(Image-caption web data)
[Start of section]

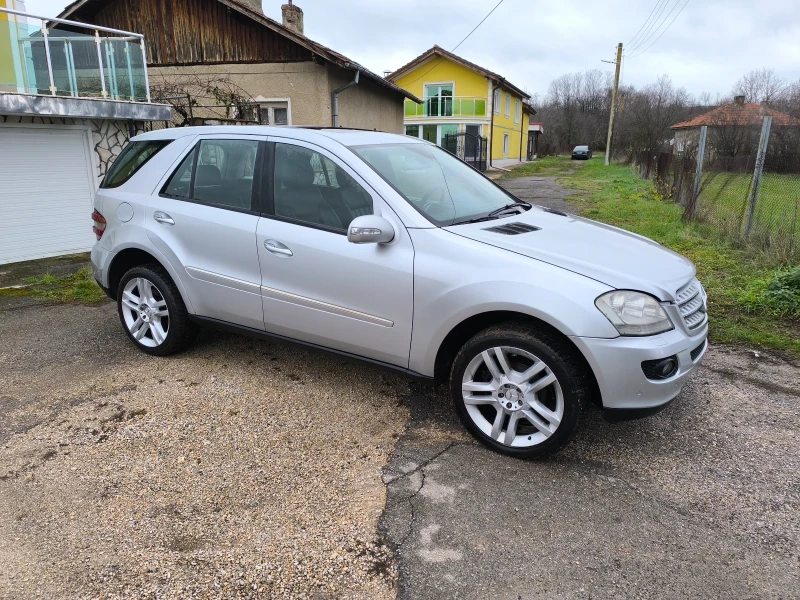 Mercedes-Benz ML 320 На Пружини, снимка 9 - Автомобили и джипове - 52583970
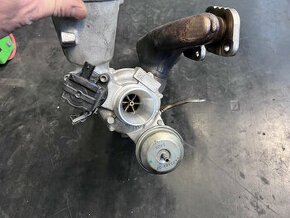 Mercedes W176 W246 M270.910 Turbo A2700902780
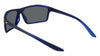Nike WINDSTORM CW4674 Sunglasses / Matte Black / Cool Grey / Dk Grey / Size 65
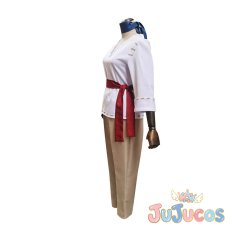 画像3: バッツマン(ガンジ・グプタ)　　コスプレ衣装　IdentityV 第五人格　コスチューム　JUJUcosplay (3)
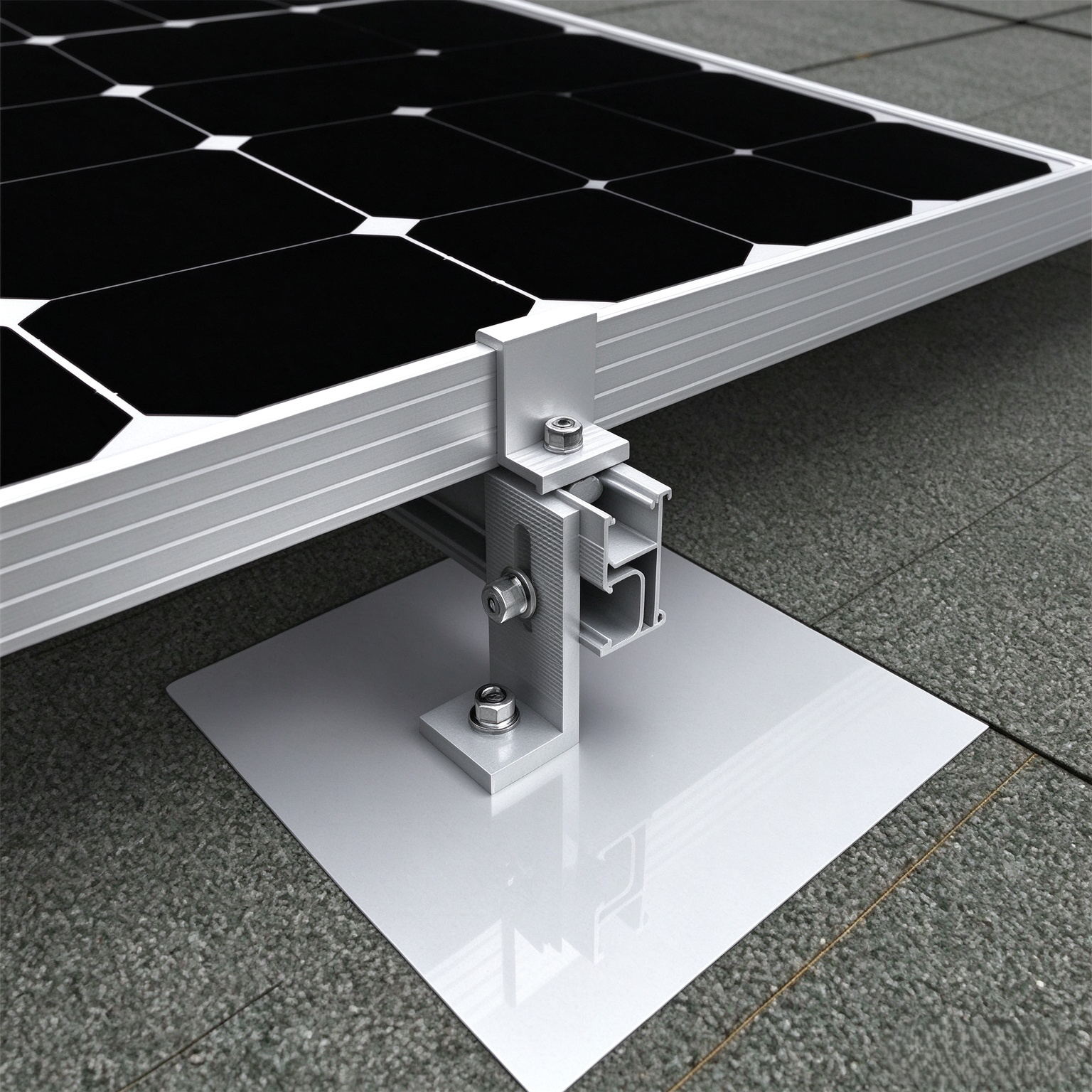 Asphalt Shingles Mounting CK-AR Series
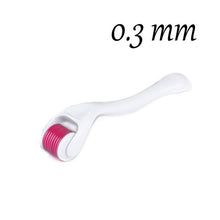 Load image into Gallery viewer, DARSONVAL DRS 540 derma roller micro needles titanium microneedle mezoroller dr pen machine for skin care and body treatment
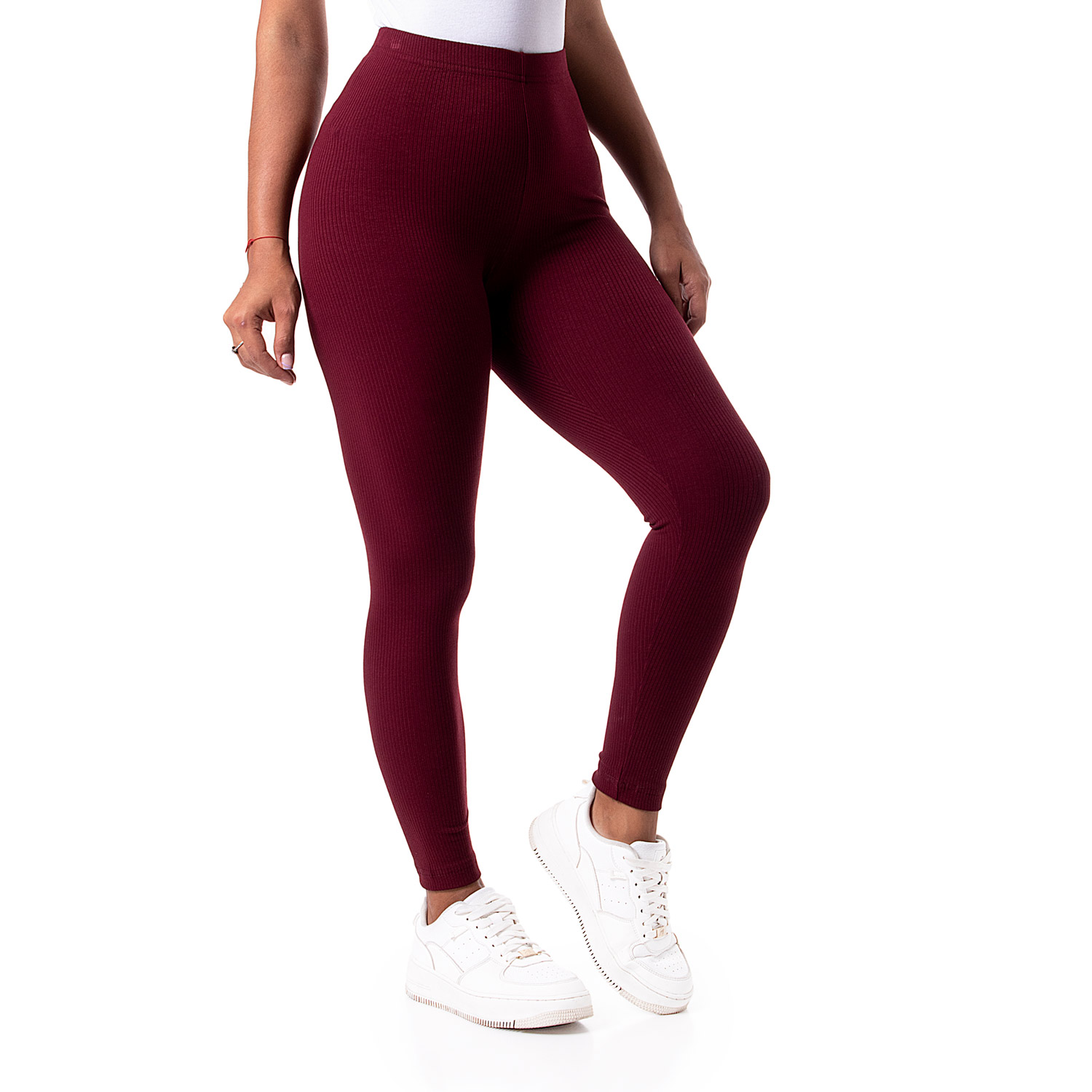 LEGGINS RIB LYCRADO MUJER PIONIER ELIF_S - 3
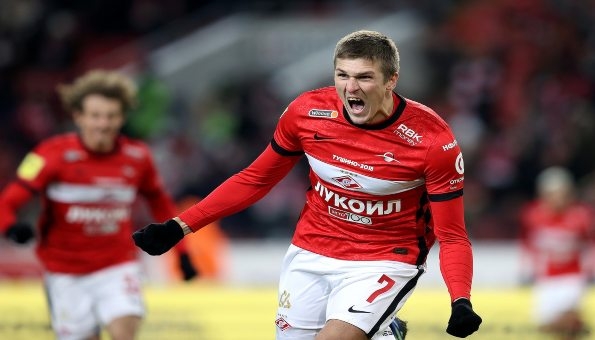 Στοίχημα: Βήμα πρόκρισης για Σπαρτάκ και Ντιναμό – δυάδα “φωτιά” σε απόδοση 4.98!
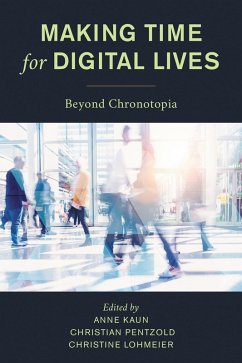 Making Time for Digital Lives (eBook, ePUB)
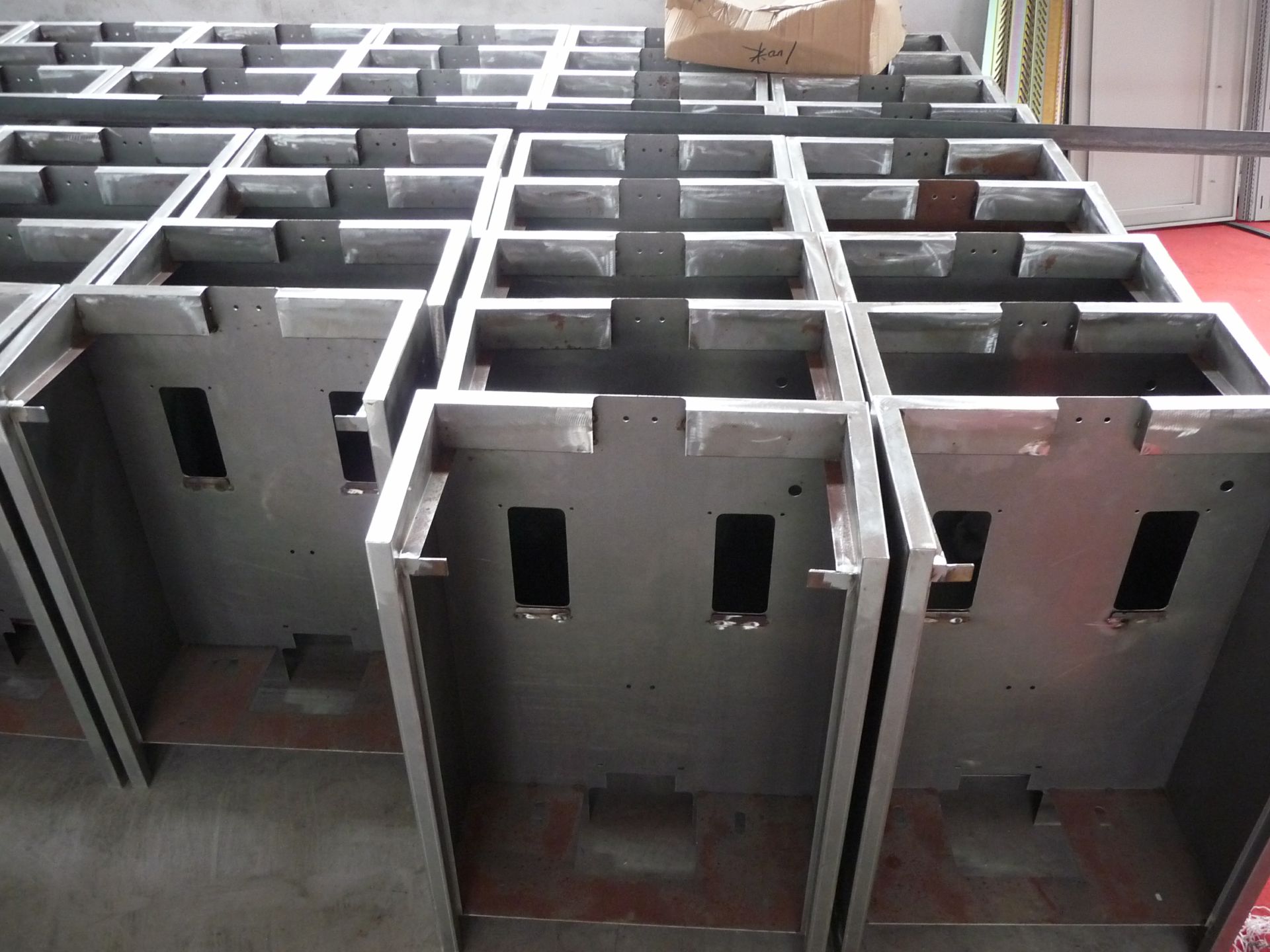 常见的钣金加工工艺-华体会体育-华体会体育·(中国)官方网站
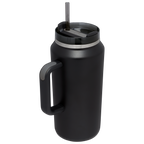 Car-Cup Friendly The Quencher H2.0 Flowstate Tumbler D033Q - 40oz Large Capacity Car-Cup Friendly Quencher Detail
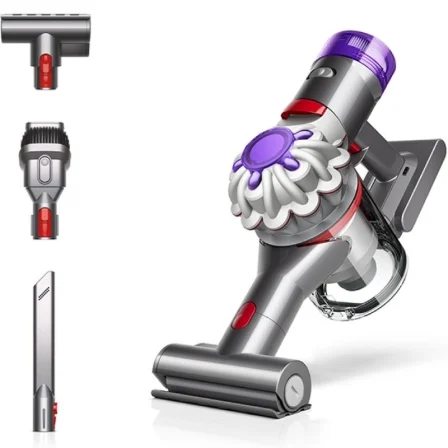 Carro Dyson + Aspirador de pó portátil para barcos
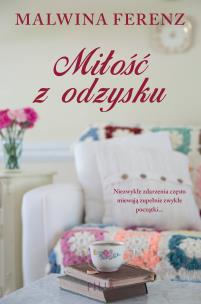 Okładka książki Miłość z odzysku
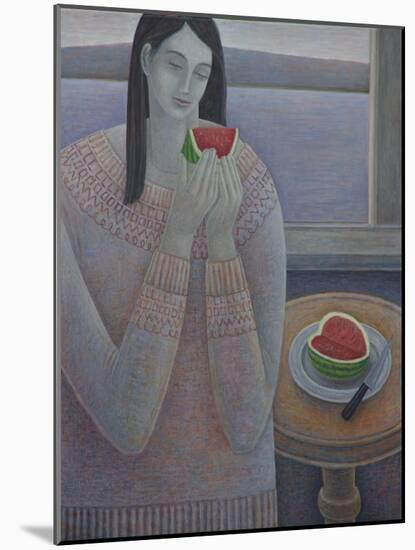 Watermelon-Ruth Addinall-Mounted Giclee Print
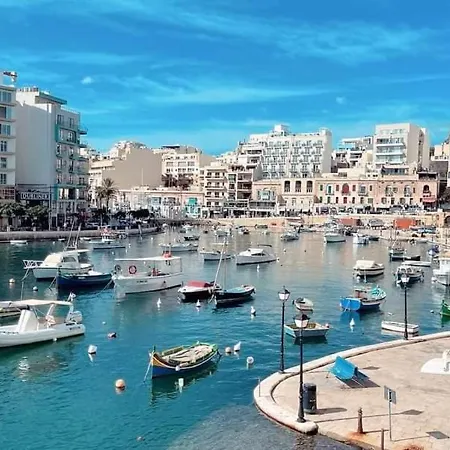 Cozy Or Sliema Race1 شقة *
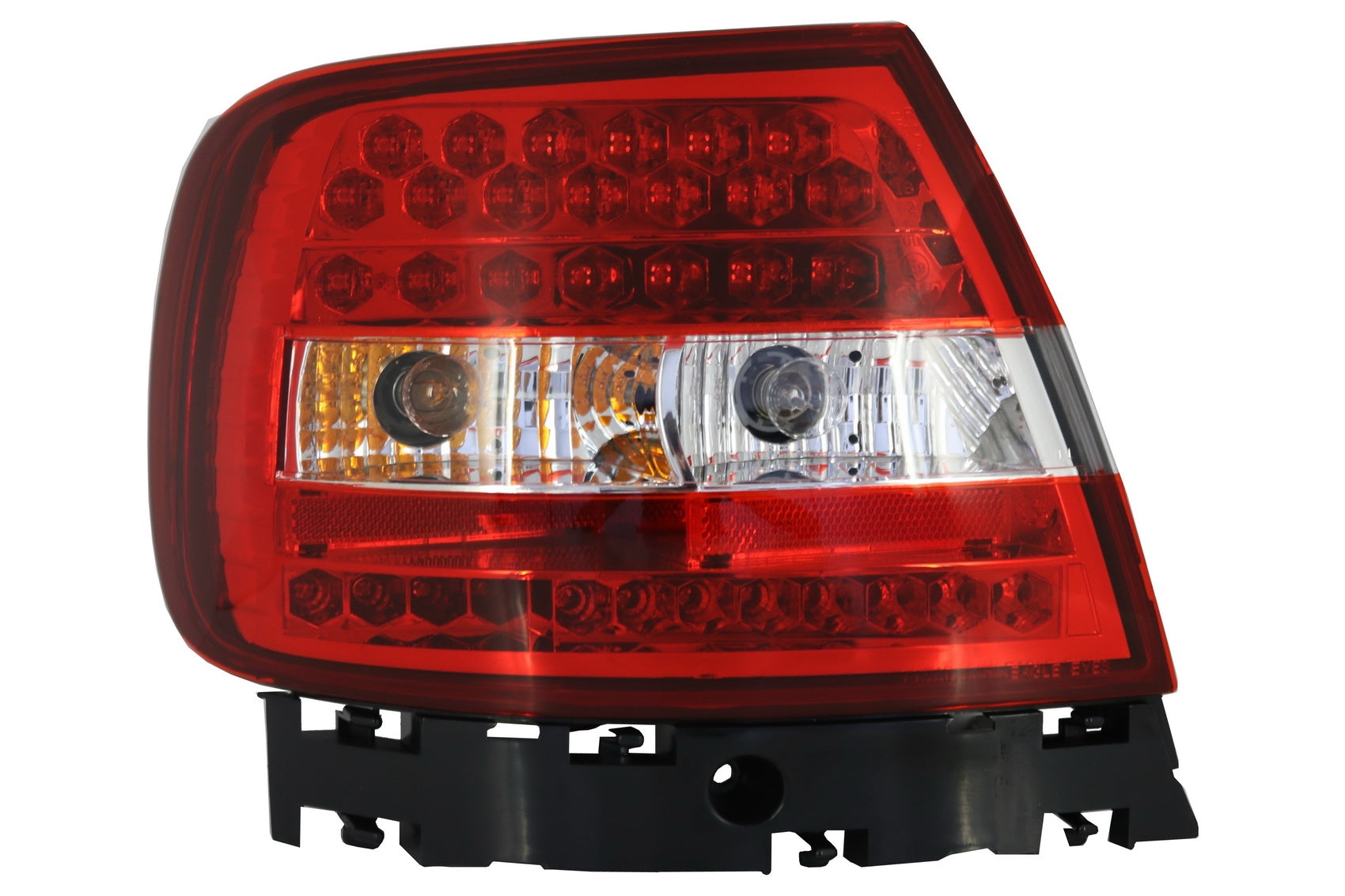 LED Rückleuchten für AUDI A4 1994-2000 Blinker Rot Weiß- CarPartsTuning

[End of section]

- **Work instruction**
Please retype exactly the lines from the one containing "Watermelon-Ruth Addinall-Mounted Giclee" to the last line of the records above, both included, without any pictures.

- **Exercise response**
 Watermelon-Ruth Addinall-Mounted Giclee Print
 Cozy Or Sliema Race1 شقة *
 LED Rückleuchten für AUDI A4 1994-2000 Blinker Rot Weiß- CarPartsTuning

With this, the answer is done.